The Core Vocabularies are intended for a broad reuse and are concerned with establishing the concepts. This is addressed by the ontology artefact. Optionally it may be accompanied by a minimal set of data shape constraints expressing general domain limitations. For example, it may be already defined in the Core Vocabulary that a class cannot be instantiated without certain mandatory properties or that a declared property shall be used only with values from a pre-established controlled vocabulary. If a data shape artefact is provided, then any Application Profile reusing the Core Vocabulary shall not only import the ontology, but the data shapes as well.

The Application Profiles are usually intended for narrower use cases and mostly are concerned with setting restrictions on the way reused vocabulary ought to be used. It is a good practice to make such restrictions as restrictive as necessary but still provide space for variation as it typically occurs in practice. This is even more important when an Application Profile is conceived as reusable in other Application Profiles.

Examples:

Consider DCAT-AP, for example. It is an Application Profile on top of the DCAT vocabulary, but other more specific Application Profiles are still created on top of it (e.g., DCAT-AP CH, DCAT-AP DE, DCAT-AP NO, etc.)

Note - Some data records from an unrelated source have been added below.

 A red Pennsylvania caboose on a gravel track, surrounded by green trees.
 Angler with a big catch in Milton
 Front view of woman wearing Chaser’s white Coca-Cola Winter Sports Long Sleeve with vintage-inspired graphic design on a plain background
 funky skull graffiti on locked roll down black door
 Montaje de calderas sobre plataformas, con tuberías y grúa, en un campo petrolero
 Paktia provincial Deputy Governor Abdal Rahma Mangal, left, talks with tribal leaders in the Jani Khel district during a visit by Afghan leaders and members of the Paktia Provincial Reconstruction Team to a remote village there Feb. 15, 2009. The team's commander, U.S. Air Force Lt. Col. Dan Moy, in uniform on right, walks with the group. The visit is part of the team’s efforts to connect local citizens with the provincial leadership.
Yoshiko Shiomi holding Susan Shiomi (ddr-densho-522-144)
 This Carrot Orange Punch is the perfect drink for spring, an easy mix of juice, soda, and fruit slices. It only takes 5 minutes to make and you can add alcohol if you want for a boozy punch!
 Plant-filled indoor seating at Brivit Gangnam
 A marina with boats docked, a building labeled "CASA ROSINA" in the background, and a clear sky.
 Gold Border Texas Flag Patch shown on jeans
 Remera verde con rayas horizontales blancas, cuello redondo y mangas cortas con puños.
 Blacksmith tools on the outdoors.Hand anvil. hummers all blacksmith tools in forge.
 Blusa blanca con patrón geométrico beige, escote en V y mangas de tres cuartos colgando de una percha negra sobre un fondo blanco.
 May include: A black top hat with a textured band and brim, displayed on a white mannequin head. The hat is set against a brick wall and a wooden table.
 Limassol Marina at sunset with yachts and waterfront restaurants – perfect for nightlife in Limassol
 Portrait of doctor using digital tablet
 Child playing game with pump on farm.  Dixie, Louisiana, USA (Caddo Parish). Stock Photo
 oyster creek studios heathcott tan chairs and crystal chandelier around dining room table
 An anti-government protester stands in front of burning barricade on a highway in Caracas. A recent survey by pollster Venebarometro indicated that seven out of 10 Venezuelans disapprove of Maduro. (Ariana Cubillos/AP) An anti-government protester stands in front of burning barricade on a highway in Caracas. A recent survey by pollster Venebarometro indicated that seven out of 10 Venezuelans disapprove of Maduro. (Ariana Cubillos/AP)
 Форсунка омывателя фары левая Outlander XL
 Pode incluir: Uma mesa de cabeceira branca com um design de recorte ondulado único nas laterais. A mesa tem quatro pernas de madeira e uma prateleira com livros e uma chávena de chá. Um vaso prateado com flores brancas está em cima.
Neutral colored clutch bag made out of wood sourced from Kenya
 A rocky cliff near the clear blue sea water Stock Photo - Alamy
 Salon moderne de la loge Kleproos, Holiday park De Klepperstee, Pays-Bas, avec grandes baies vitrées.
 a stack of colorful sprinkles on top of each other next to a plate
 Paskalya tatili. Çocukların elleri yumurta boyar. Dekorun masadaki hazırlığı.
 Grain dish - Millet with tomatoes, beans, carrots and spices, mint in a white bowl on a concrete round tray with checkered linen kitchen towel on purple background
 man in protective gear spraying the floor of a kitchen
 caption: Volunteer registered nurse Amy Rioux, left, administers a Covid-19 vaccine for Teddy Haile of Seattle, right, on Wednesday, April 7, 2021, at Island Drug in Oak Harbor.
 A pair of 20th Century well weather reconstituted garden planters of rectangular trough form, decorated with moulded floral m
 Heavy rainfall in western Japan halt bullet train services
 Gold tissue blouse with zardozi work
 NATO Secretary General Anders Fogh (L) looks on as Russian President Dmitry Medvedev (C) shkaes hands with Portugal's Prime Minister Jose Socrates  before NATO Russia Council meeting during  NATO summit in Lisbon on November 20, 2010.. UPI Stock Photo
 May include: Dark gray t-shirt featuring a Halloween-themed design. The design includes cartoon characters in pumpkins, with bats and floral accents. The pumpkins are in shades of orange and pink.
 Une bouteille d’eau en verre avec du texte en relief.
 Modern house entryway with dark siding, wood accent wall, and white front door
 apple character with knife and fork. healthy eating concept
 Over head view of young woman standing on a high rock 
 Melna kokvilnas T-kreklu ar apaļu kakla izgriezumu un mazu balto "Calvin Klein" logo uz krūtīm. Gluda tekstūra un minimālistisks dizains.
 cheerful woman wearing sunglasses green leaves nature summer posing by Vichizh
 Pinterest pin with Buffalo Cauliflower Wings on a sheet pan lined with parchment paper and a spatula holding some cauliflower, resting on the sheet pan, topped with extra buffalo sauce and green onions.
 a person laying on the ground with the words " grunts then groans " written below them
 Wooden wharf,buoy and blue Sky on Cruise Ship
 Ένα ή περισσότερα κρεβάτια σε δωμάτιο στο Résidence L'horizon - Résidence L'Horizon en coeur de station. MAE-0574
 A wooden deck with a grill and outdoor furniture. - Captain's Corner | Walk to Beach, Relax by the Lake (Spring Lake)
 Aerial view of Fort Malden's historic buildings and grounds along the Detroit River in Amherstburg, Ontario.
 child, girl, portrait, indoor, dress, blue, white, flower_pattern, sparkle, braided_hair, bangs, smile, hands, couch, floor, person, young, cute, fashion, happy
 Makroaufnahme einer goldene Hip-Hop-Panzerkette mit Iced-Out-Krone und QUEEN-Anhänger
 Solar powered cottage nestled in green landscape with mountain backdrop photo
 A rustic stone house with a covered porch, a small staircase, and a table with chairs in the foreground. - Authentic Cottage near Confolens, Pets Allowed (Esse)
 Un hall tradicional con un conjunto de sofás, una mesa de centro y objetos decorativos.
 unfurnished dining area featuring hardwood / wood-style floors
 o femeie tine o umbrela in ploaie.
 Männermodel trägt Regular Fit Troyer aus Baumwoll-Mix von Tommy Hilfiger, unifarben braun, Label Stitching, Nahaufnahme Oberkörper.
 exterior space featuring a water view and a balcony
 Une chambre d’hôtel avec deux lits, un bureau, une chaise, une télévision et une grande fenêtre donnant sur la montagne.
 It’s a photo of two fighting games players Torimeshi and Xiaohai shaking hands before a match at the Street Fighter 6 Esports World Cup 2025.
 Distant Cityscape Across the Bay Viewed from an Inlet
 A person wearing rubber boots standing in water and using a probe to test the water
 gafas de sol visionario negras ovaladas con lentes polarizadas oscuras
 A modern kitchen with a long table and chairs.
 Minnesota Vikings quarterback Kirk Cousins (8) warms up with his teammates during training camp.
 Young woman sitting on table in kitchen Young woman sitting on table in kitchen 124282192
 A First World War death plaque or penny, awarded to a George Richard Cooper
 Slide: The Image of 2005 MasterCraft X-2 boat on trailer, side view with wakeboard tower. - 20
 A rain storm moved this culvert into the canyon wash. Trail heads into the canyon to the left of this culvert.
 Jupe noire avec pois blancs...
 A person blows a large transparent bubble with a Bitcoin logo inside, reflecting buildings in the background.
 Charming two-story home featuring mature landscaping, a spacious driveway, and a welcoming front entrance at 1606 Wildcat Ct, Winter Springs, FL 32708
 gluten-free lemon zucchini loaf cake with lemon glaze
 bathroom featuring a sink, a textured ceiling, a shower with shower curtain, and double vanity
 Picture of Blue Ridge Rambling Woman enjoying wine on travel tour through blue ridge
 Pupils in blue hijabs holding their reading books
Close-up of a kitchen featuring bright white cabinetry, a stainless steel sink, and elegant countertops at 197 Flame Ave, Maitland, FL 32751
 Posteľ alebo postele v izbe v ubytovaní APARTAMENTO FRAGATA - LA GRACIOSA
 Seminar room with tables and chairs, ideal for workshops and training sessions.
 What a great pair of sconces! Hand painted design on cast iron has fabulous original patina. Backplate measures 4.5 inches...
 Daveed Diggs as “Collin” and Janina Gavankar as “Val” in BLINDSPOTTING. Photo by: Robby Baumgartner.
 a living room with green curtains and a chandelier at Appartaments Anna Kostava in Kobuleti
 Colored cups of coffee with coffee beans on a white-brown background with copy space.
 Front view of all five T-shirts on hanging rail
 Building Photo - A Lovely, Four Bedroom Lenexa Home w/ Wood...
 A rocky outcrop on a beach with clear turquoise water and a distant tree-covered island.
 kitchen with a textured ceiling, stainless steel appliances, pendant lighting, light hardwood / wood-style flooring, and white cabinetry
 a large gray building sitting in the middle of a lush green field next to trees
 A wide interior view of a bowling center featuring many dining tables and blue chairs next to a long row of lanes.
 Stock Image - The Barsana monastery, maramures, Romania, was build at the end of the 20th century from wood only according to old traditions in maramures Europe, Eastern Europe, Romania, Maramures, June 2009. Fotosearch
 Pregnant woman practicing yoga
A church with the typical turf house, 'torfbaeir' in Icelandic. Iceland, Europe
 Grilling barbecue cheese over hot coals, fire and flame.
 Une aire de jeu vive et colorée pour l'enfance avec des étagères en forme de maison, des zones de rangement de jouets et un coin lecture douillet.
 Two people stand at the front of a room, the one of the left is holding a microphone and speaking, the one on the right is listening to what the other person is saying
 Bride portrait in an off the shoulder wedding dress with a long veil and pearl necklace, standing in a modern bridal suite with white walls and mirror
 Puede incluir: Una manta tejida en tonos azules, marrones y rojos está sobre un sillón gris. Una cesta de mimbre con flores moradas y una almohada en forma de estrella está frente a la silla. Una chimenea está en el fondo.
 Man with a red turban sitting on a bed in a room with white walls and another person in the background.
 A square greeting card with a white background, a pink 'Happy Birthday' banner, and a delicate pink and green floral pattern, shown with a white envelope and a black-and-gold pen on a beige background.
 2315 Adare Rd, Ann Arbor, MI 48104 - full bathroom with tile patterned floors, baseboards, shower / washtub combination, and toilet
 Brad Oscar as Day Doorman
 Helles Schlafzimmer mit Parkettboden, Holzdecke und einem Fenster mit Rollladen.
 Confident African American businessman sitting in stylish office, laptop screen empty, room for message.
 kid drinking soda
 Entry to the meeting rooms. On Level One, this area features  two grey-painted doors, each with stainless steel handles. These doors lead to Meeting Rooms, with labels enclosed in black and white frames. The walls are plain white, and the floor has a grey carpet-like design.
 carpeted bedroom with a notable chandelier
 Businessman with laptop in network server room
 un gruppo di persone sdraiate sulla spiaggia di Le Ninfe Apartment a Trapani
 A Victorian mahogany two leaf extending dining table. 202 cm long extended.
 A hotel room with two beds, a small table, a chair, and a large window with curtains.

Open and Closed world assumptions

Title: Open and Closed world assumptions

Identifier DSC-R3

Statement:

The data instantiating a core model may be fragmented across information systems. For representation purposes, open-world assumptions shall be adopted, and for validation purposes, a closed-world assumption shall be adopted.

Description:

Operations on the data, such as automated reasoning and validation, are impacted by what is assumed about its completeness. If it is considered complete, then we say that we operate under the closed-world assumption; otherwise, in the cases of continually evolving and distributed data (that is more in line with reality), the data is considered possibly incomplete, and we say that operating is under the open-world assumption.

Under the closed-world assumption, it is presumed that a true statement is also known to be true. Therefore, conversely, what is not currently known to be true, is false [reiter81]. The opposite of the closed-world assumption is the open-world assumption stating that lack of knowledge does not imply falsity. The truth value of a statement may be true despite whether or not it is known to be true.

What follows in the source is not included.